Both MacDowell and, especially, Williams are very good as women trying to endure the unendurable. Rea exudes a subtle sexiness as a local Irish innkeeper. Glen is Danny, the straying husband whose business is failing at the same time as he is leaving his wife. He projects a charming sliminess and is a perfect domestic villain. And the always-delightful Fricker is wonderful as a blowsy L.A. pal.
Binchy (Circle of Friends) has a huge and fanatical following in the United States and the United Kingdom, and her readers are always interested in film adaptations of her popular novels. — Anne Sherber
Disney/Hollywood, Thriller, B.O. $20.6 million, $29.99 DVD, $34.99 Blu-ray, ‘PG-13' for violence, criminality, sensuality and language, all involving teens.
Stars Justin Chatwin, Margarita Levieva, Marcia Gay Harden, Chris Marquette, Callum Keith Rennie.
Acrobatic camerawork, moody atmosphere, an inventive plot and buckets of teen angst are the highlights of writer-director-producer David S. Goyer's creepy, effective remake of the Swedish film Den Osynlige.
Goyer, who had a hand in the writing, producing and/or directing of stylish films such as Batman Begins, Dark City and the “Blade” movies, leaves his distinctive prints all over this film, which instantly sucks the viewer into a maze-like story that unfolds in wildly unpredictable directions.
Chatwin (War of the Worlds) stars as a moody, intellectual teenager who aspires to become a writer, enrolling in a British writing program against the wishes of his domineering, ice cold mother (Oscar winner Harden), but winds up the victim of a savage beating by uber mean girl Annie (Levieva), who suspects him of ratting on her. Caught in the netherworld between life and death, Nick has to race against time to both catch his killer and save his own life.
While The Invisible is, on the surface, a ghost story, it does not take much digging to find the exploration of adolescent alienation and the feeling of being misunderstood that is at the heart of the film.
The DVD includes 11 deleted scenes, most notably the “Creepy Old Man” sequence that was in the trailers but edited from the final cut of the film. — David Greenberg
Arts Alliance America, Horror, $19.98 DVD, NR.
Stars Kathryn Merry, Ernest Dancy, Joshua Macuga, Raine Brown.
First there was Leatherface; then came Jason with his infamous hockey mask. Now, here's the latest masked slasher incarnation, Plasterhead — a black former truck driver who hides in the backwoods of West Virginia, hunting the redneck locals who beat him within an inch of his life and left him for dead in a cornfield several years ago.
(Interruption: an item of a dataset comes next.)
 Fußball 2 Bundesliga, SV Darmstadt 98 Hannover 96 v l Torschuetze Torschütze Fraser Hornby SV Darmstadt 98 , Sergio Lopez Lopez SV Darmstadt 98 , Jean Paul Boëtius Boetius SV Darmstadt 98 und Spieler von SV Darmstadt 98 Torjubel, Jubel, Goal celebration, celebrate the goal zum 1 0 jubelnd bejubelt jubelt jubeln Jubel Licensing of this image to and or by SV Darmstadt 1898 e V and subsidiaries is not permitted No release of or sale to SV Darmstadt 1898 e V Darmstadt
Just when the desolate town of Rolling Glen had attained a certain level of normalcy, its murderous past resurfaces when four college students on their way to Miami for winter break take one wrong turn they'll never forget.
The unwelcoming townspeople try to hurry the coeds along. Without enough gas to get to the next town, they end up hiding out in a secluded farmhouse, which happens to be in Plasterhead's backyard. Their presence is enough to drive the faceless monster out of hiding and rekindle his passion for bloody revenge. And this time, no one is safe from his wrath.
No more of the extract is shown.